• TASK DESCRIPTION:
Write out, from the entries below, exactly the lines that run between the lines holding "2012 PETERBILT 388" and "EC-ENTRANCE-Cabin1", inclusive, and stop there.

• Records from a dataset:
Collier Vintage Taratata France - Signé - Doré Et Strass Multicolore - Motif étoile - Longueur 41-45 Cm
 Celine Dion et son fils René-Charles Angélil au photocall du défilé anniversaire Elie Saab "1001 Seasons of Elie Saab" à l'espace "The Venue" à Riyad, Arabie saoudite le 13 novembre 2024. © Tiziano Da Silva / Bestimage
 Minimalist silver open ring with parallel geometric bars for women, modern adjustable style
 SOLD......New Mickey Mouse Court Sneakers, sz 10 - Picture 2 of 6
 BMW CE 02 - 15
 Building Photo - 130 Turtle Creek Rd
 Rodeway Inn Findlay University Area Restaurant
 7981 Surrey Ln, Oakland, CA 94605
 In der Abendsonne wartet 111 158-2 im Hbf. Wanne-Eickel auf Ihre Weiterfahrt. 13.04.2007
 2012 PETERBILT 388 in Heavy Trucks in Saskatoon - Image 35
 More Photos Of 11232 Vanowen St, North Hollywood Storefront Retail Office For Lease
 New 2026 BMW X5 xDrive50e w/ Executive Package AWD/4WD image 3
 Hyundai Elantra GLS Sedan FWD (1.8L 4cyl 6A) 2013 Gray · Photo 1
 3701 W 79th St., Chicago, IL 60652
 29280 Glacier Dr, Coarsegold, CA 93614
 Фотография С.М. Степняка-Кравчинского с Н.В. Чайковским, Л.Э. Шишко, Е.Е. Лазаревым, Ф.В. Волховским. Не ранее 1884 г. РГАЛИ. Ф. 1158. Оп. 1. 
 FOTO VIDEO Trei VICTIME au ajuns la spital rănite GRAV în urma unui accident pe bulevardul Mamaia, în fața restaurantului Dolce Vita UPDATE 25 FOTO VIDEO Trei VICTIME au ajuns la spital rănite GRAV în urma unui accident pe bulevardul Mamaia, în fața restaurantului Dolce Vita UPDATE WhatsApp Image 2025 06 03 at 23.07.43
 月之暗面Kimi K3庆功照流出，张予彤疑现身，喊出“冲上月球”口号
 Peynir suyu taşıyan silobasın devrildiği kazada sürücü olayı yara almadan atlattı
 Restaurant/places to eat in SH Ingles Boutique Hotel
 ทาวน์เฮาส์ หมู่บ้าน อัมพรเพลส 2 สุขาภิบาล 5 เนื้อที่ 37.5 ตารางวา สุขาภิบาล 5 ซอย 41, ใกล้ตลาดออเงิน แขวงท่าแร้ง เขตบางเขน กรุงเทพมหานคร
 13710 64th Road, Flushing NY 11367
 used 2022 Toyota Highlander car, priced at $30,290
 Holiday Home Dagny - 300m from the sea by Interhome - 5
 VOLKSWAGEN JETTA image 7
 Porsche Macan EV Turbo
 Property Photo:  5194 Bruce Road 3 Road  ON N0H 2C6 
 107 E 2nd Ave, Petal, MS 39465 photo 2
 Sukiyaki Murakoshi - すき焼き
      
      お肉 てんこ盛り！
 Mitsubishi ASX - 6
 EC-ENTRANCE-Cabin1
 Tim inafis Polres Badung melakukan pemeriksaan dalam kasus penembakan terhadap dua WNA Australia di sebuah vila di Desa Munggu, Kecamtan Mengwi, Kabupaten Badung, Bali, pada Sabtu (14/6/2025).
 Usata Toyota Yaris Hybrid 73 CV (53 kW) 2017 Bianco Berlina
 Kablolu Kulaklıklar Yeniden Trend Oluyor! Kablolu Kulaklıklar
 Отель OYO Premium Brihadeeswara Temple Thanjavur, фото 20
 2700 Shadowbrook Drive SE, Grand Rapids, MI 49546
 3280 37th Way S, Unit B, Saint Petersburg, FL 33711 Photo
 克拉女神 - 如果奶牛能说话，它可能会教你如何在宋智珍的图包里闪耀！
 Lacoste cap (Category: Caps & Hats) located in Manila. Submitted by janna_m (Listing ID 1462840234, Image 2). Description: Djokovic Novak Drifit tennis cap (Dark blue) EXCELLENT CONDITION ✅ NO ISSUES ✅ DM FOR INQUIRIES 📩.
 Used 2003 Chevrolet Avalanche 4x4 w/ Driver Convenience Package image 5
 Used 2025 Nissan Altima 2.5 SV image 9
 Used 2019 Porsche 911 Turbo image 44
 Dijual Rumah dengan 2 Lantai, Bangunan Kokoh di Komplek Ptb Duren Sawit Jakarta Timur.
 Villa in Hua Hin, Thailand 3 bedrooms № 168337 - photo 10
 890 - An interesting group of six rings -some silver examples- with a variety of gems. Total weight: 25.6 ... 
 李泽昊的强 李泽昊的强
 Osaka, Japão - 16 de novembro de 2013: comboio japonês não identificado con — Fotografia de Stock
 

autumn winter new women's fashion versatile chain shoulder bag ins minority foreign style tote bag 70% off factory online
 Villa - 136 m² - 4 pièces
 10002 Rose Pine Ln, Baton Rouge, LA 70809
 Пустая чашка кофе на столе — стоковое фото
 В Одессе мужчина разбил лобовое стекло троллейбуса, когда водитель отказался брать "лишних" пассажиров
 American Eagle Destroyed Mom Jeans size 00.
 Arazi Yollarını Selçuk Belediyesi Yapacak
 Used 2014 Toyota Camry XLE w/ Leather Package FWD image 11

• FINISHED EXERCISE:
 2012 PETERBILT 388 in Heavy Trucks in Saskatoon - Image 35
 More Photos Of 11232 Vanowen St, North Hollywood Storefront Retail Office For Lease
 New 2026 BMW X5 xDrive50e w/ Executive Package AWD/4WD image 3
 Hyundai Elantra GLS Sedan FWD (1.8L 4cyl 6A) 2013 Gray · Photo 1
 3701 W 79th St., Chicago, IL 60652
 29280 Glacier Dr, Coarsegold, CA 93614
 Фотография С.М. Степняка-Кравчинского с Н.В. Чайковским, Л.Э. Шишко, Е.Е. Лазаревым, Ф.В. Волховским. Не ранее 1884 г. РГАЛИ. Ф. 1158. Оп. 1. 
 FOTO VIDEO Trei VICTIME au ajuns la spital rănite GRAV în urma unui accident pe bulevardul Mamaia, în fața restaurantului Dolce Vita UPDATE 25 FOTO VIDEO Trei VICTIME au ajuns la spital rănite GRAV în urma unui accident pe bulevardul Mamaia, în fața restaurantului Dolce Vita UPDATE WhatsApp Image 2025 06 03 at 23.07.43
 月之暗面Kimi K3庆功照流出，张予彤疑现身，喊出“冲上月球”口号
 Peynir suyu taşıyan silobasın devrildiği kazada sürücü olayı yara almadan atlattı
 Restaurant/places to eat in SH Ingles Boutique Hotel
 ทาวน์เฮาส์ หมู่บ้าน อัมพรเพลส 2 สุขาภิบาล 5 เนื้อที่ 37.5 ตารางวา สุขาภิบาล 5 ซอย 41, ใกล้ตลาดออเงิน แขวงท่าแร้ง เขตบางเขน กรุงเทพมหานคร
 13710 64th Road, Flushing NY 11367
 used 2022 Toyota Highlander car, priced at $30,290
 Holiday Home Dagny - 300m from the sea by Interhome - 5
 VOLKSWAGEN JETTA image 7
 Porsche Macan EV Turbo
 Property Photo:  5194 Bruce Road 3 Road  ON N0H 2C6 
 107 E 2nd Ave, Petal, MS 39465 photo 2
 Sukiyaki Murakoshi - すき焼き
      
      お肉 てんこ盛り！
 Mitsubishi ASX - 6
 EC-ENTRANCE-Cabin1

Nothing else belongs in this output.